***** TASK INPUTS
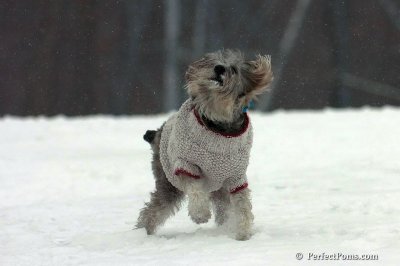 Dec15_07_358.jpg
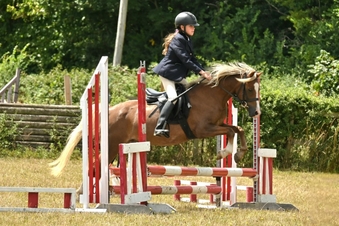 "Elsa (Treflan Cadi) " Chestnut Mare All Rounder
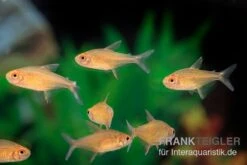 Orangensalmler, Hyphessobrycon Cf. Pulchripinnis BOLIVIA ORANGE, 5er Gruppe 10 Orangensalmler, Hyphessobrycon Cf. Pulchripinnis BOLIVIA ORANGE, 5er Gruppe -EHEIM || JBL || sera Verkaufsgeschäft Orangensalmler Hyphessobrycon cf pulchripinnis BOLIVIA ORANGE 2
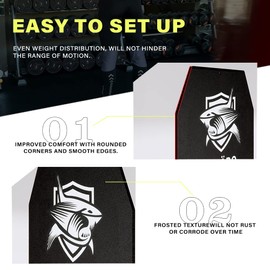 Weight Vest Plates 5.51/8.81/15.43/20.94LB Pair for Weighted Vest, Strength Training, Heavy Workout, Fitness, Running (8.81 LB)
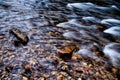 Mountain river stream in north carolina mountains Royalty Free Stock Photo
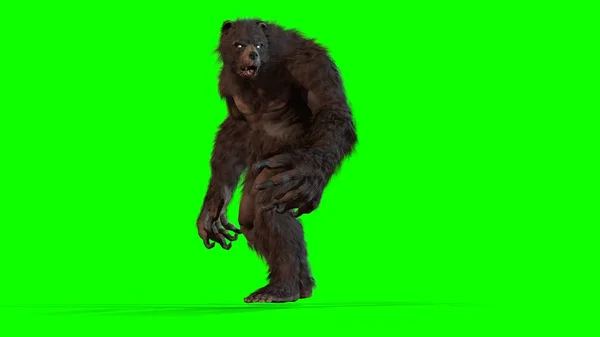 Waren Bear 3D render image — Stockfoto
**********
WHAT TO PRODUCE: Leave out the pictures and copy every record above exactly.

ANSWER FOR THIS EXERCISE:
 Dec15_07_358.jpg
 "Elsa (Treflan Cadi) " Chestnut Mare All Rounder
 Orangensalmler, Hyphessobrycon Cf. Pulchripinnis BOLIVIA ORANGE, 5er Gruppe 10 Orangensalmler, Hyphessobrycon Cf. Pulchripinnis BOLIVIA ORANGE, 5er Gruppe -EHEIM || JBL || sera Verkaufsgeschäft Orangensalmler Hyphessobrycon cf pulchripinnis BOLIVIA ORANGE 2
 Weight Vest Plates 5.51/8.81/15.43/20.94LB Pair for Weighted Vest, Strength Training, Heavy Workout, Fitness, Running (8.81 LB)
 Mountain river stream in north carolina mountains Royalty Free Stock Photo
 Waren Bear 3D render image — Stockfoto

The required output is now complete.